Le persone affette da fibrillazione atriale hanno un rischio 5 volte maggiore di essere colpiti da ictus rispetto alla popolazione generale[1] e questo a causa dei coaguli di sangue che si formano per la patologia e che si depositano negli atri.

Di fatto sono attribuibili a fibrillazione atriale il 15% di tutti i casi di ictus e un quarto di quelli che colpiscono individui oltre gli 80 anni. Si stima che un individuo su 4 sia a rischio, dopo i 40 anni, di morire per fibrillazione atriale[2].

Gli ictus dovuti a fibrillazione atriale sono più gravi di quelli legati ad altre cause[3]: il 24% dei pazienti muore entro il mese successivo[4], 1 paziente su 2 (50%) non sopravvive a un anno[5].

Negli Stati Uniti due terzi dei pazienti con fibrillazione atriale colpiti da ictus muoiono o esitano in deficit neurologici permanenti che richiedono assistenza a lungo termine[6]-[7]-[8]-[9].

BIBLIOGRAFIA

[1] Go A.S. et al. Prevalence of Diagnosed Atrial Fibrillation in Adults National Implications for Thythm Management and Stroke Prevention: the Anticoagulation and Risk Factors In Atrial Fibrillation (ATRIA) Study. The Journal of the American Medical Association, 2001, 285 (18):2370-2375.

[2] Kirchof K., P.A. Adamou, E. Knight et al. How can we avoid a stroke crisis? Working group report: stroke prevention in patients with atrial fibrillation. Oxford PharmaGenesisTM Ltd, 2009.
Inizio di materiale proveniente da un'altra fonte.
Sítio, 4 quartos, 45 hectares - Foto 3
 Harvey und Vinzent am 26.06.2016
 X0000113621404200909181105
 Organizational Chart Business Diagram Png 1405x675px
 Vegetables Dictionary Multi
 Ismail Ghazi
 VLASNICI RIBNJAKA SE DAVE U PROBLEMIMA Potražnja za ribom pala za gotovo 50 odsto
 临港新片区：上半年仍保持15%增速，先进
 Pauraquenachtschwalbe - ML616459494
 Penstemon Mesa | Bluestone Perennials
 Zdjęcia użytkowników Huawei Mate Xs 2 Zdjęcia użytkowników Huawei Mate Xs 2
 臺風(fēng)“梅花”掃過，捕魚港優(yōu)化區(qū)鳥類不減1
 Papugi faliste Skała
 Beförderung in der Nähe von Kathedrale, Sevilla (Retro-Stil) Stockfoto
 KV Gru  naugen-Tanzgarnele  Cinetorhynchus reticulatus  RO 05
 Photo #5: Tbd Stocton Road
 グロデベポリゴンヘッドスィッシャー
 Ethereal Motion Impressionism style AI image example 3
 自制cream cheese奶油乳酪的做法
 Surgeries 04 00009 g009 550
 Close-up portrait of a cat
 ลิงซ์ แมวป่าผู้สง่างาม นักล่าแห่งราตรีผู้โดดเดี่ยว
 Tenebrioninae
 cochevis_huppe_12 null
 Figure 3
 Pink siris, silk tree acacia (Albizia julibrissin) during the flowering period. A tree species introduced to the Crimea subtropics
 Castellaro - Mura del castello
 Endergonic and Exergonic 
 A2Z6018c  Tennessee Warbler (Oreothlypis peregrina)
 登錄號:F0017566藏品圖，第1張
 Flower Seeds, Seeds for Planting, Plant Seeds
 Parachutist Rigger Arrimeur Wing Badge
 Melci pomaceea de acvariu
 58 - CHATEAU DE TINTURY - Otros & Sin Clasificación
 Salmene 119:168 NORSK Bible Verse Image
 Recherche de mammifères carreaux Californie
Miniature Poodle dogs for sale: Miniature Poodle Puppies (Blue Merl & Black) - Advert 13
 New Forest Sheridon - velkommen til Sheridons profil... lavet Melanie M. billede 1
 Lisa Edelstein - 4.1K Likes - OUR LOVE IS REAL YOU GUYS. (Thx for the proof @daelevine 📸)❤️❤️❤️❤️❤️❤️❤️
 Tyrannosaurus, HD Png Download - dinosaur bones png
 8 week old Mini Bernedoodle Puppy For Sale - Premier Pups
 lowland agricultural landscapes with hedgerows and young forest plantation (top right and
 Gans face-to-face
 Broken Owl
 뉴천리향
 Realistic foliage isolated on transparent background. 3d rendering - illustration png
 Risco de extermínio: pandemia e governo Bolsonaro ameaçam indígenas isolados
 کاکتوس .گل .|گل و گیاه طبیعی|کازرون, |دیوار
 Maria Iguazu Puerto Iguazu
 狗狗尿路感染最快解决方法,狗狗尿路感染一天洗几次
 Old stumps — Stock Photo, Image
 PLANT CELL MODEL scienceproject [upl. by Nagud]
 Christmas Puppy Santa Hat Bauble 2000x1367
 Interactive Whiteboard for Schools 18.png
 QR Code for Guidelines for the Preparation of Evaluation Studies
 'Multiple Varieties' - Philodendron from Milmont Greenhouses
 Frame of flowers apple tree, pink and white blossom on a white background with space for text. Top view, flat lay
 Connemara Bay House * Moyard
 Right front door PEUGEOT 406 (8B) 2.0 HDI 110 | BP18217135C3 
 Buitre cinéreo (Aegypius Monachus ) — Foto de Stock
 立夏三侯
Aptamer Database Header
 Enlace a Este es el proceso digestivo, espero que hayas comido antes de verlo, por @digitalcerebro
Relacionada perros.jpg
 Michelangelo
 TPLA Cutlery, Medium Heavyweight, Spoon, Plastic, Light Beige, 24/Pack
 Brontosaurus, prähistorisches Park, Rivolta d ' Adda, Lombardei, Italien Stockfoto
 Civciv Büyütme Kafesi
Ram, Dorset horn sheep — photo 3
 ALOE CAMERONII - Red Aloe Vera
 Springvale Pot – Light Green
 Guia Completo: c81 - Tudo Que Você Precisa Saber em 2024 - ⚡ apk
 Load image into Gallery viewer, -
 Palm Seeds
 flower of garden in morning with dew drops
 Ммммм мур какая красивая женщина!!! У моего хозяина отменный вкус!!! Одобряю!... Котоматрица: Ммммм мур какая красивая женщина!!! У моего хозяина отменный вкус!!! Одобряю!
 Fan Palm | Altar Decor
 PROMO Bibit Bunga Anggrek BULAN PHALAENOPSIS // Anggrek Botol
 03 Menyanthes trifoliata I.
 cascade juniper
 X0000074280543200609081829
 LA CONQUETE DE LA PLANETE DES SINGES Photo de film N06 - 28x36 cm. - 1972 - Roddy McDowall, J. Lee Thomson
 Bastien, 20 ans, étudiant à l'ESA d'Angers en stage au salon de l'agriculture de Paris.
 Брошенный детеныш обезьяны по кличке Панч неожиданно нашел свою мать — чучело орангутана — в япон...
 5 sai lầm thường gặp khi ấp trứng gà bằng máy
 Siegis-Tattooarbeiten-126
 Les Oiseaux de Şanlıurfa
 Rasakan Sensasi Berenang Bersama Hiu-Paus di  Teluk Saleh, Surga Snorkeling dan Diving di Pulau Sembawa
[3] Lamassa M., A. Di Carlo, G. Pracucci et al. Characteristics, Outcome, and Care of Stroke Associated with Atrial Fibrillation in Europe: Data From a Multicenter Multinational Hospital Based Registry (The European Community Stroke Project). Stroke 2001, 32:392-398.

[4] Hylek E.M., A.S. Go, Y. Chang et al. Effect of Intensity of Oral Anticoagulation on Stroke Severity and Mortality in Atrial Fibrillation. The New England Journal of Medicine, 2003, 349:1019-1026, page 1025, paragraph 1.

[5] Marini C., F. De Santis, S. Sacco et al. Contribution of Atrial Fibrillation to Incidence and Outcome of Ischemic Stroke: Results from a Population-based Study. Stroke, 2005, 36:1115-1119, page 1115: Abstract results.

[6] Ansell J. et al. Quality of Clinical Documentation and Anticoagulation Control in Patients with Chronic Nonvalvular Atrial Fibrillation in Routine Medical Care. American Journal of Medical Quality, 2007, 22:327-334.

[7] Bilato C., M.C. Corti, G. Baggio, et al. Prevalence, Functional Impact, and Mortality of Atrial Fibrillation in an Older Italian Population (from the Pro.V.A. Study). American Journal of Cardiology, 2009, 104:1092-1097.

[8] Dulli D.A., H. Stanko, R.L. Levine, Atrial Fibrillation Is Associated with Severe Acute Ischemic Stroke. Neuroepidemiology, 2003, 22:118-123.

[9] Jorgensen H.S., H. Nakayama, J. Reith, H.O. Raaschou, T.S. Olsen. Acute Stroke with Atrial Fibrillation: the Copenhagen Stroke Study. Stroke, 1996, 27(10):1765-1769.